Stoneleigh is a heritage-listed residence at 1 Darley Street in the inner city Sydney suburb of Darlinghurst in the City of Sydney local government area of New South Wales, Australia. It was built in 1860. It is also known as Greencourt. It was added to the New South Wales State Heritage Register on 2 April 1999.

== Description ==

Stoneleigh is a storey Victorian Regency style house, freestanding, with a hipped corrugated steel roof, a bank of 12 paned timber framed double hung windows to the first floor, and arched colonnade to the ground floor. It features a Victorian cast iron palisade fence. The colonnade extends around one side of the building. The building is constructed of stone and rendered brick. The columns to the colonnade are octagonal with moulded caps. The building also features articulated quoins.

==Significance==

Stoneleigh is historically significant as a fine example of the mid Victorian villas of the wealthy, one of the earliest layers of the development of Darlinghurst.
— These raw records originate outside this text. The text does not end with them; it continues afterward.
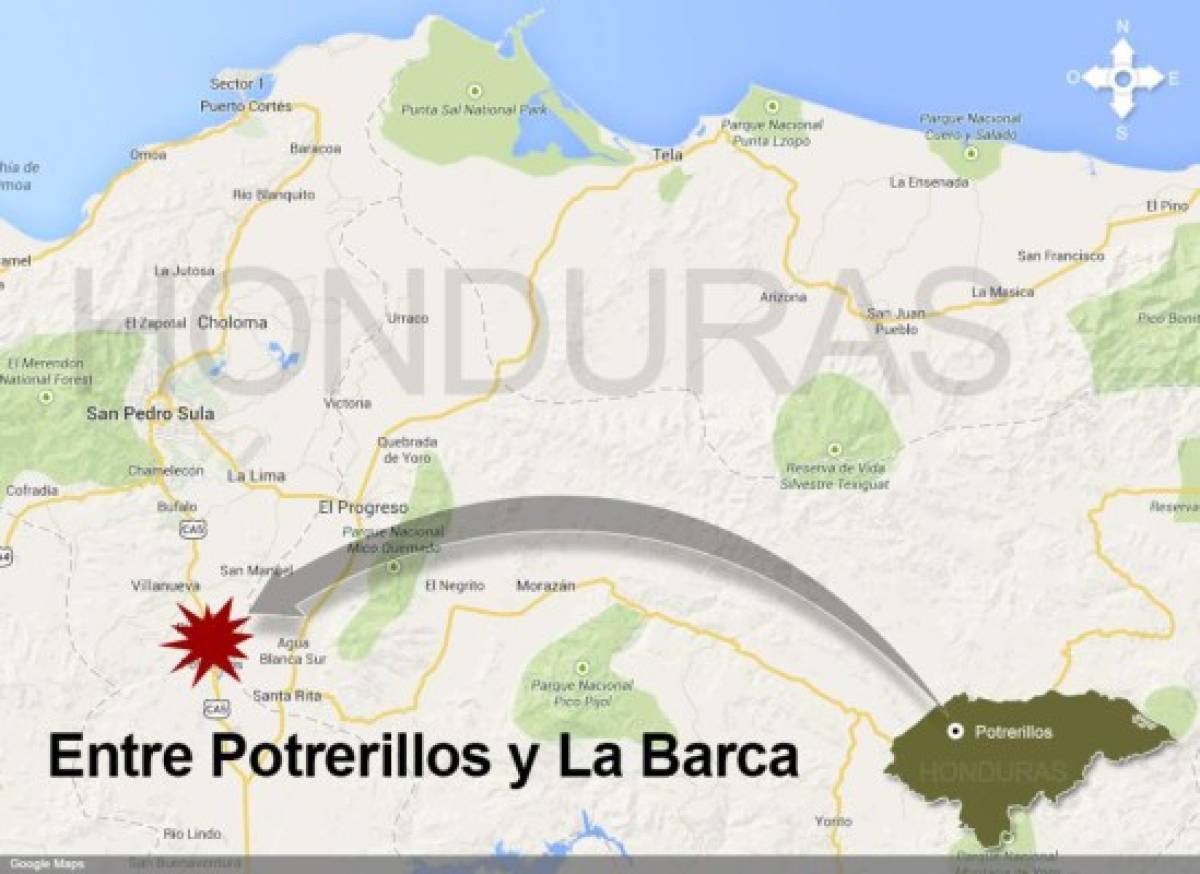 Cinco muertos deja brutal choque en carretera del norte de Honduras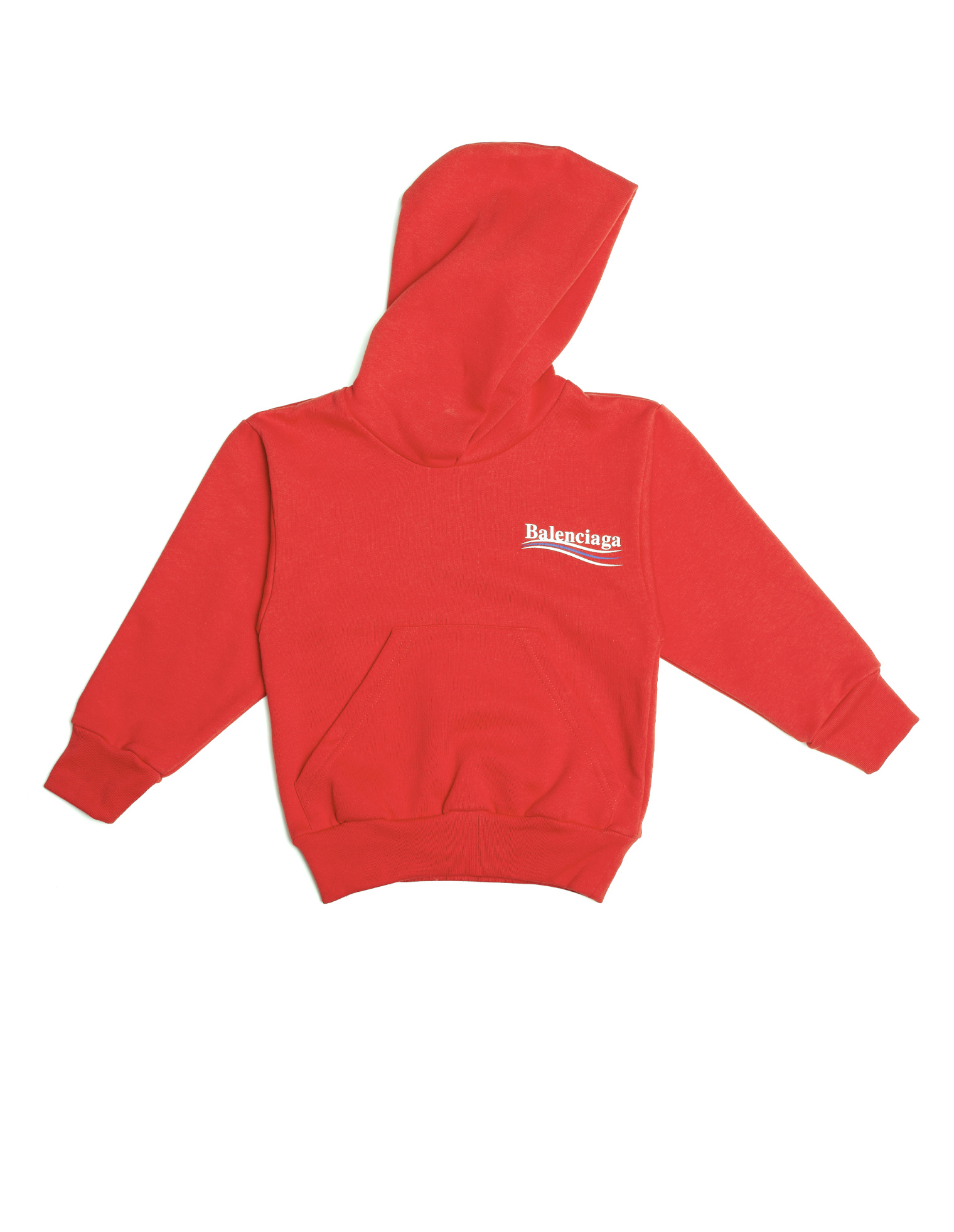 Balenciaga Kids Красная толстовка с принтом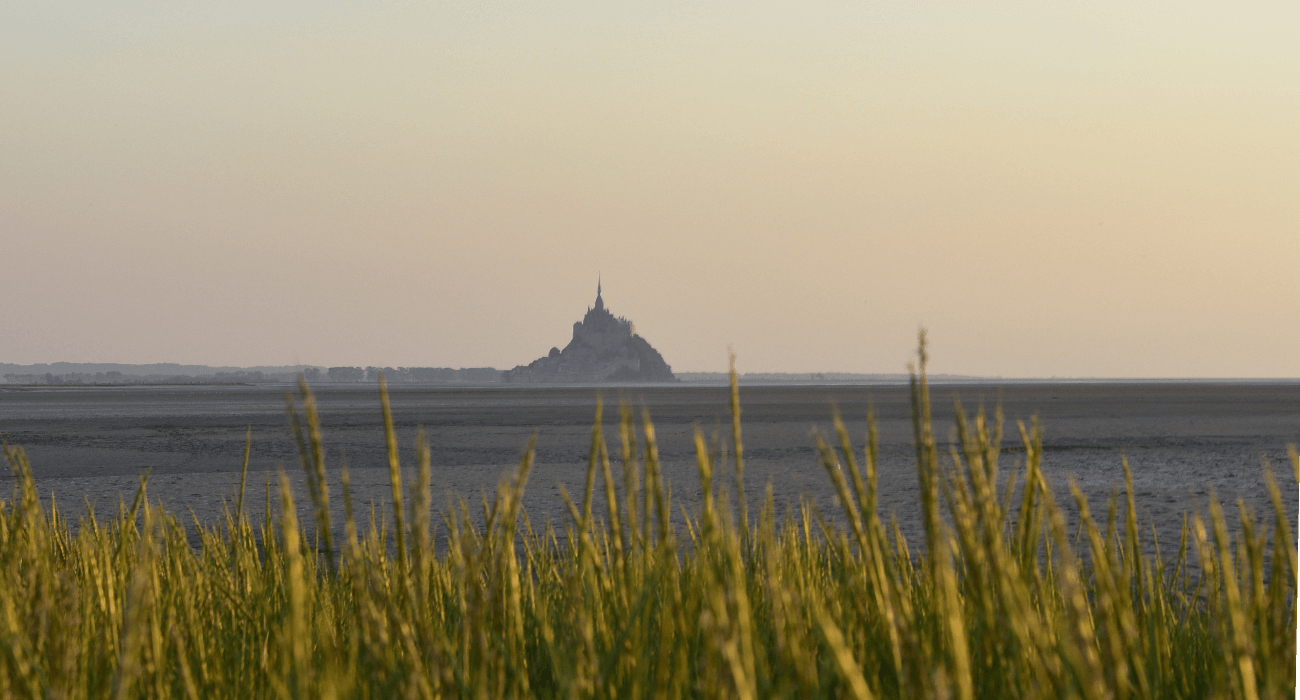 Coucher de soleil au Mont Saint-Michel
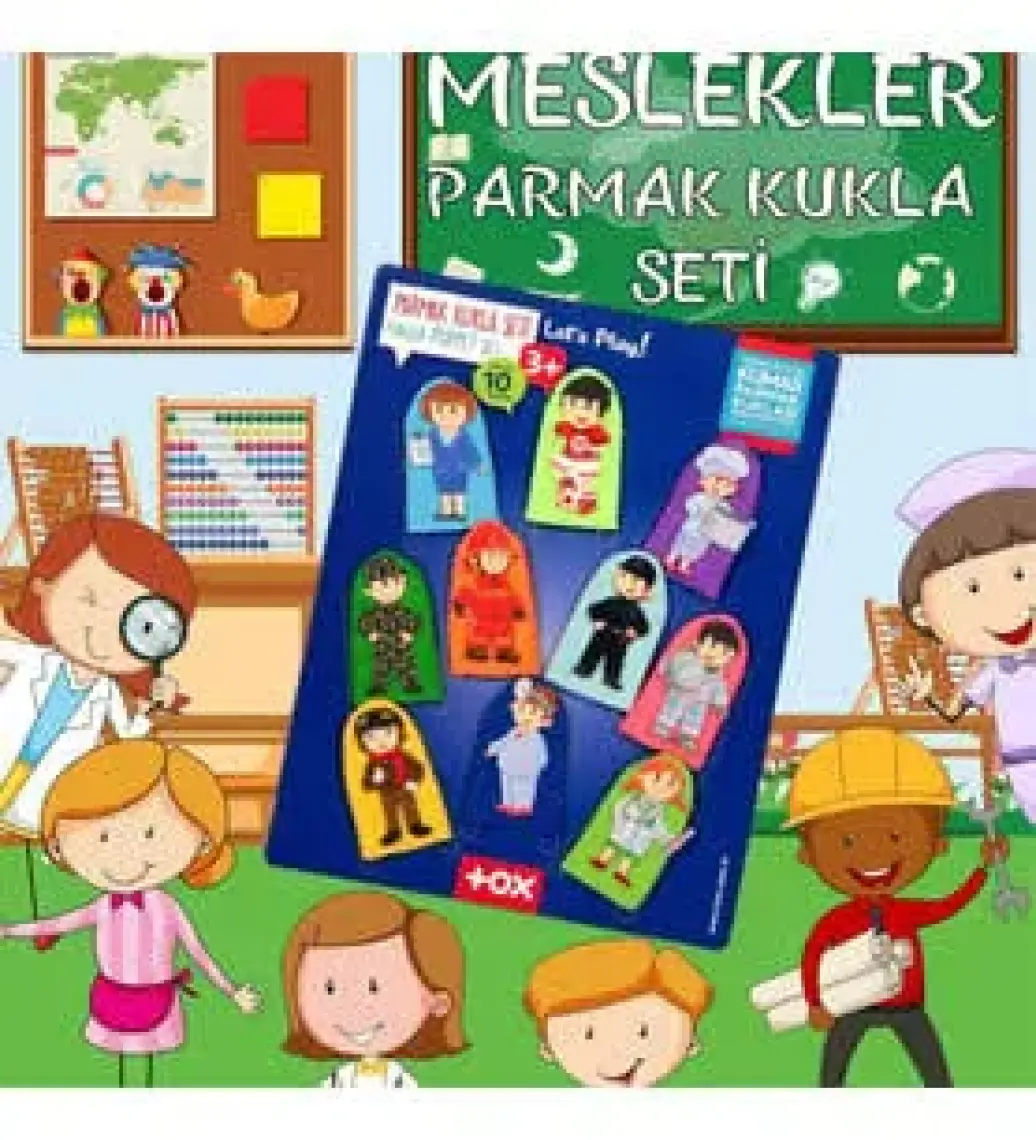 Tox Meslekler 10 Parça Parmak Kukla T761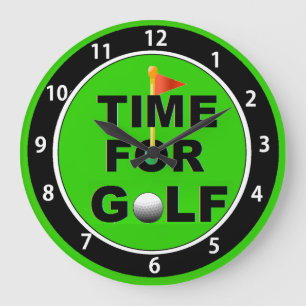 Time for Golf Large Clock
It is associated with two notable people who owned the building: Richard Jones, 1870–1892, who was Chairman of the Commercial Banking Company of Sydney, and founder of the Maitland Mercury newspaper; and J. Russell French, 1895–1905, who was General Manager of the Bank of New South Wales. It is aesthetically significant as an exceptionally fine example of a Victorian Regency villa.

== Heritage listing ==
Stoneleigh was listed on the New South Wales State Heritage Register on 2 April 1999.